Adding and copying annotations

You can add annotations to your document, either spanned or spanless (there are separate methods for each).

The createAnnotation() method creates a spanned annotation. The type of the created object is MAT.Document.Annotation. The first two arguments are the start and end offsets of the span. MAT offsets

So In the signal "This is the document signal", the first word "This" has a start offset of 0 and an end offset of 4.

# Create a span annotation without any attributes.

spanA = d.createAnnotation(5, 10, "PERSON")

# The start and end offsets are available as instance variables.

startOffset = spanA.start
endOffset = spanA.end

# The label is converted to a MAT.Document._Atype instance,
# which is the same for all annotations with that label in the document.
# The original label is the value of the "lab" attribute of the atype.

originalLabel = spanA.atype.lab

Spanless annotations are created using the createSpanlessAnnotation() method. The type of the created object is MAT.Document.SpanlessAnnotation.
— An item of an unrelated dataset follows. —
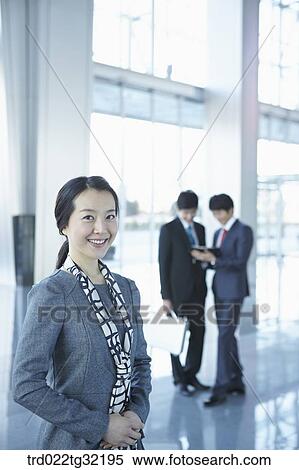 Stock Photography - Businessmen standing in the lobby . Fotosearch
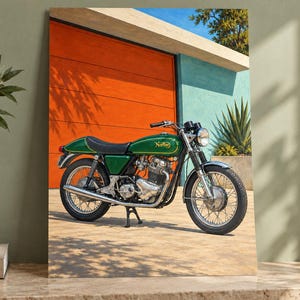 May include: A green Norton motorcycle with a black seat, chrome exhaust, and wire-spoke wheels parked on a paved surface. The motorcycle features a classic fuel tank design with gold lettering and is positioned in front of a bright orange wall.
spanlessA = d.createSpanlessAnnotation("EVENT")
originalLabel = spanlessA.atype.lab

The _Atypes are the primary way that the task well-formedness conditions are implemented. It's not necessary to understand the details of these objects, and we won't discuss them further here.

A quirk that's important to be aware of for spanned annotations (athough you're extremely unlikely to encounter it) is that like many programming languages, Python usually doesn't implement true Unicode characters; instead, it essentially implements the UTF-16 encoding. This means, in normal circumstances, that if your document signal contains Unicode characters from above Unicode plane 0 (e.g., musical notation), your offsets will be wrong. We say "usually" because it's possible to build Python with 4-byte characters; the value of the Python variable sys.maxunicode essentially tells you whether this has happened. Such a Python installation will behave properly for all Unicode characters.

All annotations have a copy() method, but this method differs from the document methods that create the annotations in that the annotations aren't added to the document when they're copied. So you have to do this step separately:

# if your document is d.

newAnnot = spanA.copy()
d._addAnnotation(newAnnot)

Creating and accessing annotation attributes

You can provide attribute-value pairs as a dictionary when you create an annotation, or add them later. Annotations are handled identically in spanned and spanless annotations.

# Annotations implement the Python dictionary interface, so you can
# set or access attribute values using it.

spanA["type"] = "norm"
tVal = spanA["type"]
# Or, avoid the possible KeyError if the value is not set.
tVal = spanA.get("type")

# Create a span annotation with attributes.

spanA = d.createAnnotation(5, 10, "PERSON", attrs = {"type": "norm"})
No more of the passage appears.